Things to Remember when choosing Calcium Carbonate Supplements

One important thing to remember about choosing a calcium supplement is to read the label. There should be two listings of how much calcium is in each supplement. These are the overall calcium content and the elemental calcium content. The important one to consider is the elemental content, because this is the amount that your body will actually use.

Calcium carbonate is available in many forms. It's in supplements, antacids, and can be mixed with other nutrients, like calcium magnesium or calcium phosphate. Calcium can come in a calcium liquid supplement , which is easy to digest.

As an anti-aging supplement, calcium can help strengthen the bones, help with clotting, and improve overall health. However, there is conflicting evidence on whether more than the RDA recommendation can help reduce the risk of fractures associated with osteoporosis. If you are suffering from osteoporosis, be sure to consult your physician before changing the dosage of your calcium supplement.

Also, the body will only absorb a certain amount of calcium per day, so getting more than the RDA is not recommended. There has been some evidence that too much dietary calcium could possibly raise the risk of prostate cancer, although studies on this topic have been conflicted. Research on this subject is still being done, but until all of the facts are in, play it safe and stick to the RDA.

The worst side effect of calcium supplementation found so far is hypercalcemia, which can have symptoms such as loss of appetite, nausea, vomiting, constipation, stomach pains, dry mouth, thirst, and persistent urination. The more severe side effects of this are confusion, delirium, coma, and even death.
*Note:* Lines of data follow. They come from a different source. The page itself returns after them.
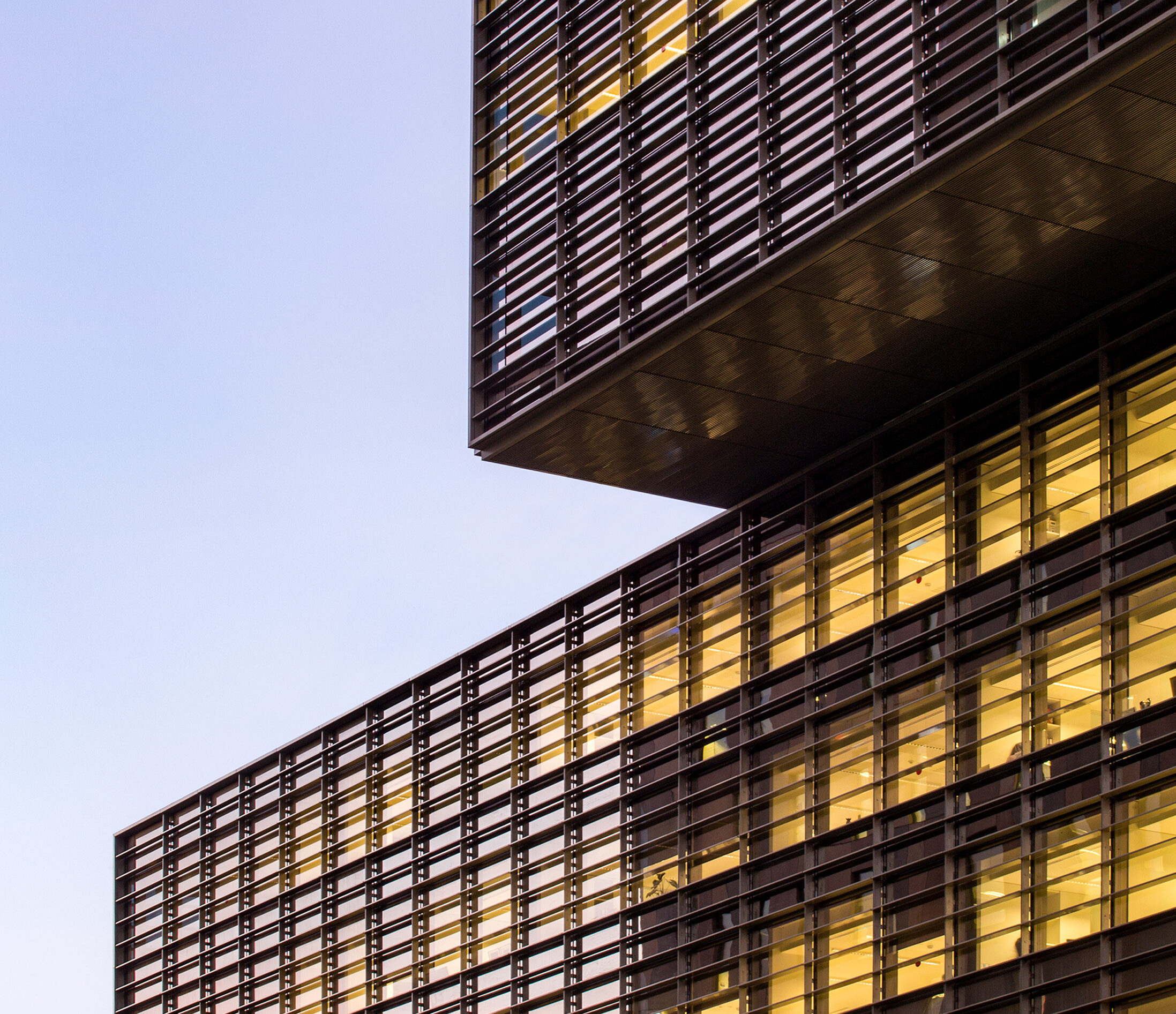 Cuatrecasas Barcelona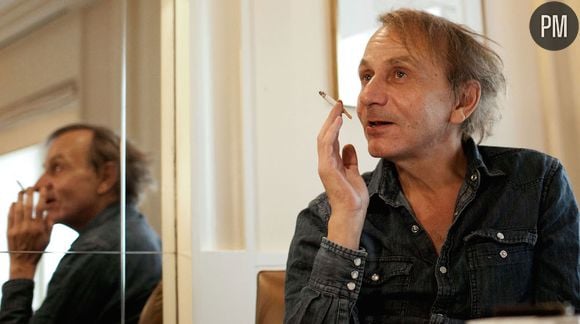 Michel Houellebecq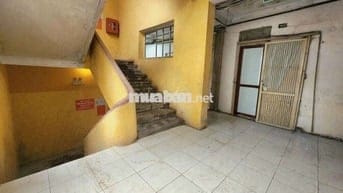 Thọ Lão gần-1 CĂN ***-2NGỦ-ở sướng
TTtầng3 sổ nét SD 50m
Lô góc.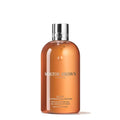 Molton Brown Body Wash - Sunlit Clementine & Vetiver Scent | 10 Fl. Oz. Size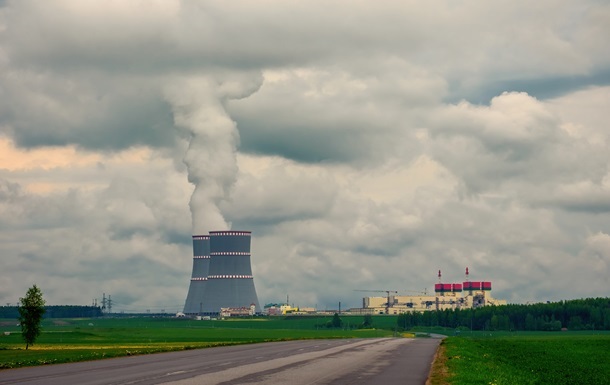 Французьку АЕС зупинили через навалу медуз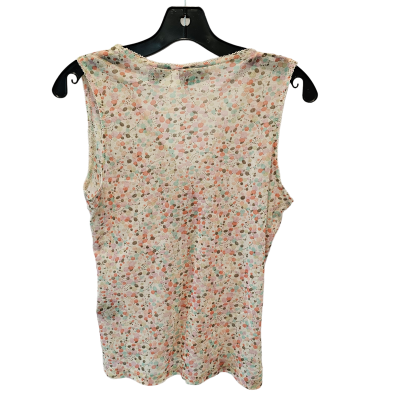 Top Sleeveless By New York And Co  Size: L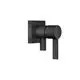 DORNBRACHT-UP-Einhandbatterie-mit-Abdeckplatte-SERIENSPEZIFISCH-36045970-Schwarz-matt-36045970-33 gallery number 1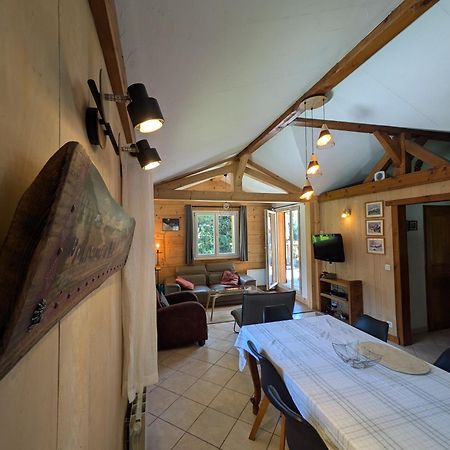 Le Bivouac Villa Chamonix Exterior photo
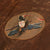 Original U.S. WWII Named Painted A-2 Leather Flight Jacket Original Items
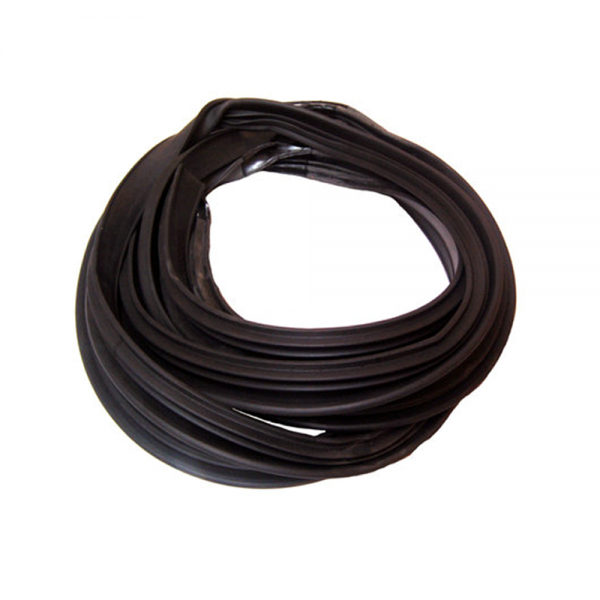 Rubber The Right Way - Roof Rail Seals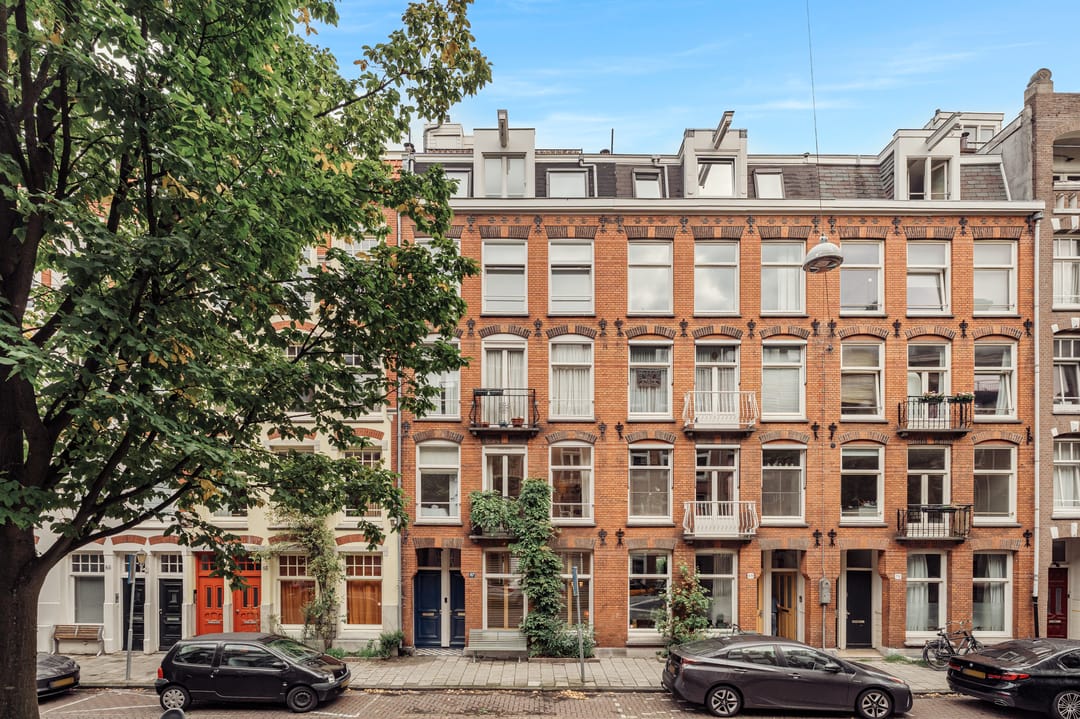 Photo 53 of Cornelis Anthoniszstraat 67-H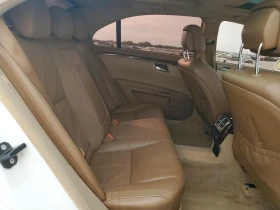 Mercedes-Benz S 550 5.5l, снимка 10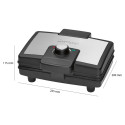 Waffle maker Clatronic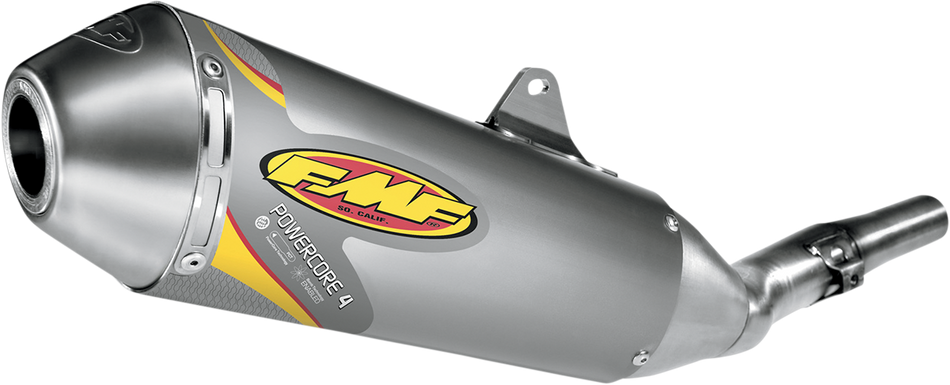 FMF PowerCore 4 HEX Muffler 041489 1821-1465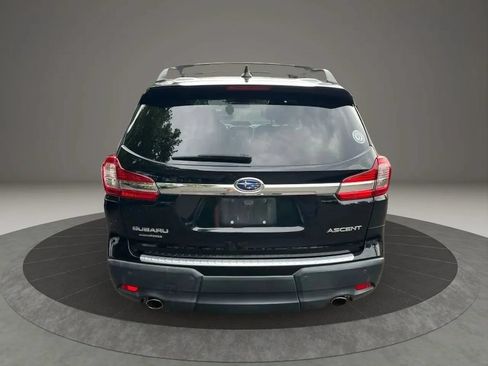 Used 2021 Subaru Ascent Premium w/ Convenience Package AWD/4WD image 4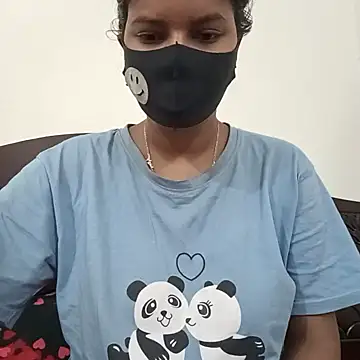 Anusri- online show from November 20, 2025, 10:37 am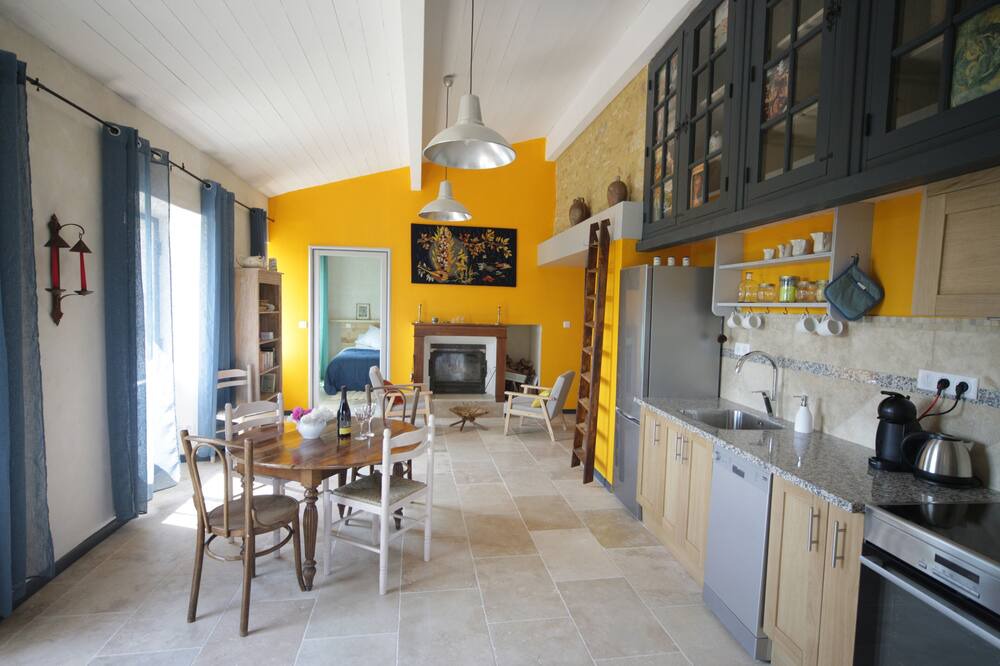 Photo of Outdoor in Sauveterre-la-Lemance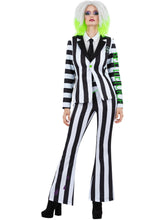Load image into Gallery viewer, Beetlejuice Costume
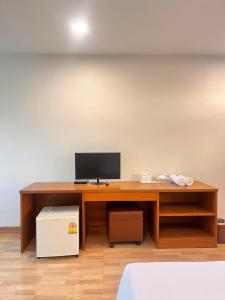 ศรีสุภาวดีรีสอร์ท-Srisupawadee resort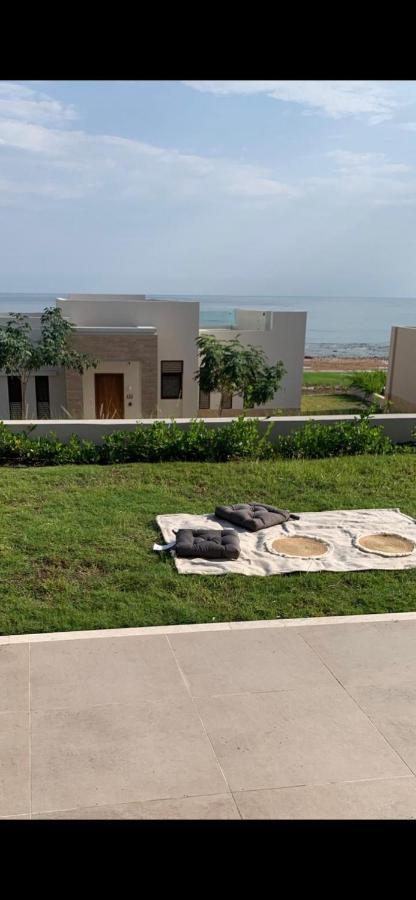 Beach Front Le Bon Villa マスカット エクステリア 写真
Occurrences of this disease was more frequent when peptic ulcers were treated with calcium supplements, calcium based antacids, and lots of milk. Reports of it have diminished greatly since the treatment for peptic ulcers changed, but it still is reported in rare cases. For example, hypercalcemia can occur when calcium supplements interact with thiazide diuretics, such as HCTZ, so avoid calcium supplements if you take them.